Bundesregierung erkennt Völkermord an

Die Massaker an Herero und Nama in der ehemaligen Kolonie Deutsch-Südwestafrika werden neu bewertet

Zum ersten Mal hat die Bundesregierung die Massaker in der früheren Kolonie Deutsch-Südwestafrika in einem offiziellen Dokument als Völkermord eingestuft.

»Die diesbezüglichen Antworten des Sprechers des Auswärtigen Amtes und des Regierungssprechers spiegeln die Position der Bundesregierung wider.« Hinter diesen dürren Worten in einer Antwort auf eine dem »nd« vorliegende parlamentarische Anfrage der Linksfraktion im Bundestag verbirgt sich ein fundamentales Eingeständnis der Bundesregierung: Erstmals beurteilt sie die Massaker an Herero und Nama Anfang des 20. Jahrhunderts unter deutscher Kolonialherrschaft im heutigen Namibia offiziell in Gesamtheit als »Völkermord«.
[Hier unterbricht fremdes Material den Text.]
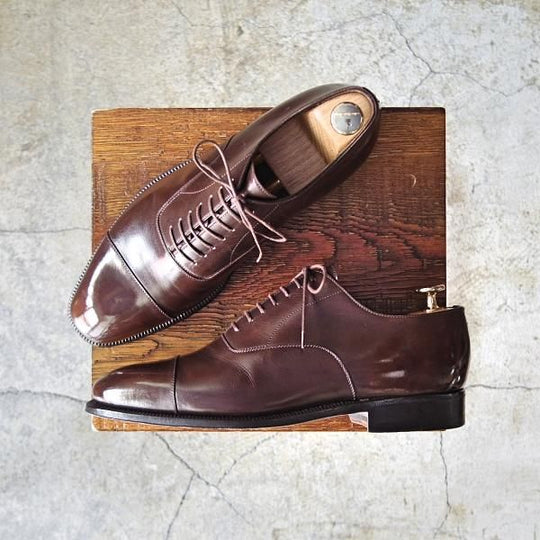 極上★(伊)エンツォ・ボナフェ SIZE 39.5【ハンドソーンウェルテッド製法/九分仕立て★BEAMS別注】茶/ビームス/Enzo Bonafe★d667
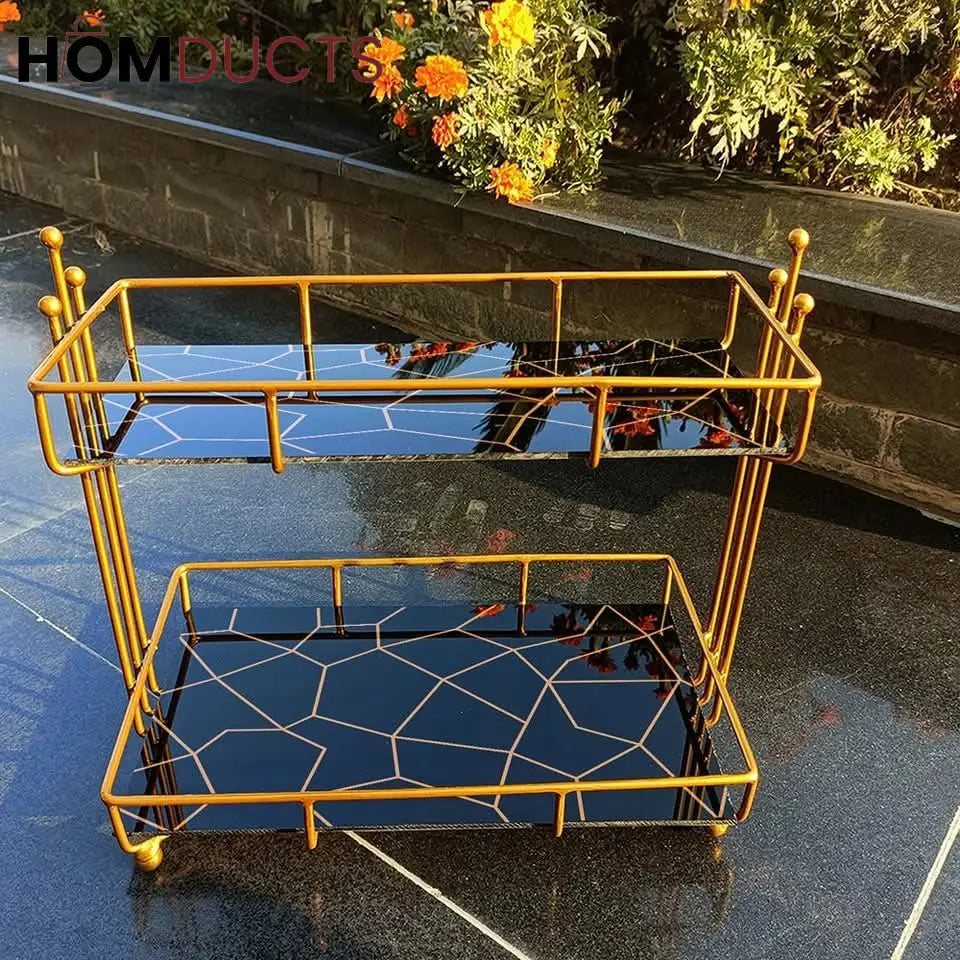 Iron Art Marble Style Nordic Makeup Organizer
Vorgeprescht war am 10. Juli 2015 der Sprecher des Auswärtigen Amtes, Dr. Martin Schäfer, der in der Bundespressekonferenz die Ereignisse von 1904 bis 1908 im heutigen Namibia als »Völkermord« bezeichnete. Ob diese Einschätzung eher persönlicher oder amtlicher Natur war, ist durch die Antworten auf die Anfrage nun geklärt, vieles andere bleibt offen.

Fakt ist: Die Bundesregierung ändert damit offiziell ihre Bewertung der Gräueltaten deutscher Truppen in der damaligen Kolonie, wo nach Schätzungen rund 90 000 Herero und Nama gezielt getötet wurden. Bisher hatte Deutschland immer betont, dass die »historischen Ereignisse« erst seit Inkrafttreten der UN-Völkermord-Konvention 1951 als Genozid eingestuft werden könnten. In diesem Jahr hatte allerdings der Bundestag bereits die Massaker an den Armeniern von 1915 und 1916 im Osmanischen Reich als Völkermord verurteilt.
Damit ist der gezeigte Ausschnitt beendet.